Both cultures remained mutually isolated and cross-fertilization Ceased.
For the spiritually more mobile West, i.e. , the Latin culture of the northern Mediterranean countries, had now found a different antagonist-the Teuton.
Not cast in the Latin mould, he confronted the civilized Latin peoples with all the diversity of a barbaric, tribally oriented social order.
He brought with him a primitive tradition which had developed autochthonously within his tribes, presumably from the time of the Stone Age, and which despite the curiosity of the youthful barbarian never quite succumbed to the influence of Latin culture.
Mediterranean culture is founded on a three- to four-thousand-year-old rule of order, both political and religious, which had long outgrown the locally conditioned, semi-barbarian forms of society.
Thus the “esprit latin” has secure foundations guaranteeing a relatively problematical state of consciousness.
The Teutonic man of the North, on the contrary, is driven around by the adventurous nomadic restlessness of those who have their roots in a different soil from the one they want to live on.
Whether he will or no, there is a continual conflict in him over his foundations.
He is always seeking his own, for what he usurped some 1500 years ago as a binding form of life would not harmonize with what he brought with him as a usurper.
His polydaemonism had not yet reached the level and clarity of Mediterranean polytheism, and in this state he was suddenly confronted with a religion and view of the world that had sprung from the decay of Olympus and the transformation of the gods into philosophical and theological ideas.
His still undifferentiated barbarian world, bursting with the vital seeds of possible future developments, sank down reviled but not explained.
No bridge led from one to the other.
Here, it seems to me, is the source of that Teutonic turmoil which has more than once violently forced its way to the surface.
Here is that tension of opposites which supplies the energy for physical and spiritual adventures.
This is the man who, driven by his inner conflicts, was actually the first to discover the earth and take possession of it.
At this centre of antagonistic forces lies your Academy, under whose auspices are united the most important representatives of Northern culture.
It seems to me that its most urgent task is to create a differentiated consciousness of this state of affairs and to publicize it.

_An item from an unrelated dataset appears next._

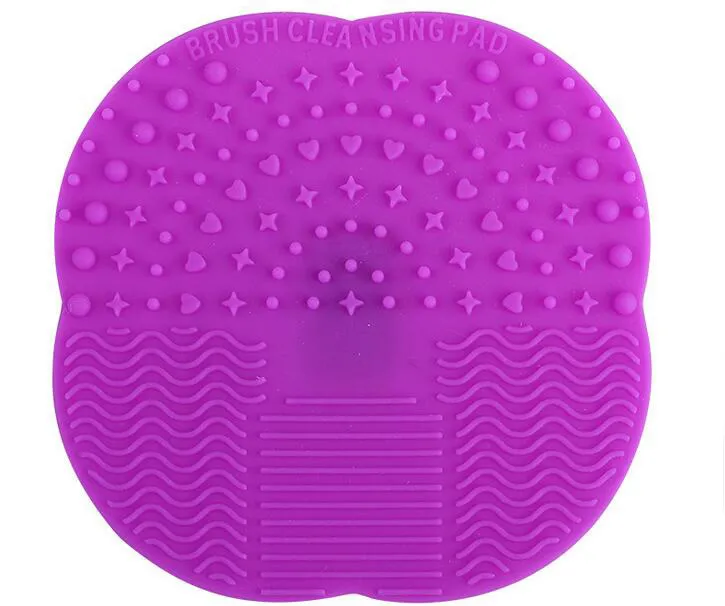 Brush Cleaning Mat Silicone Professional Pinceles Makeup Brush Comestic Tool Washing Scrubber Board Cleaner Mat Pad5230128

It would be rendering Western man a service of which he stands in the most urgent need at present-a knowledge of himself as he actually is, and who is the cause of the tremendous spiritual confusion
of our time.
As soon as I can I will send you a copy of my “Present and Future” as a further illustration of my point of view.
With best regards,
Yours sincerely,
C.G. Jung ~Carl Jung, Letters Vol. II, Pages 336-338.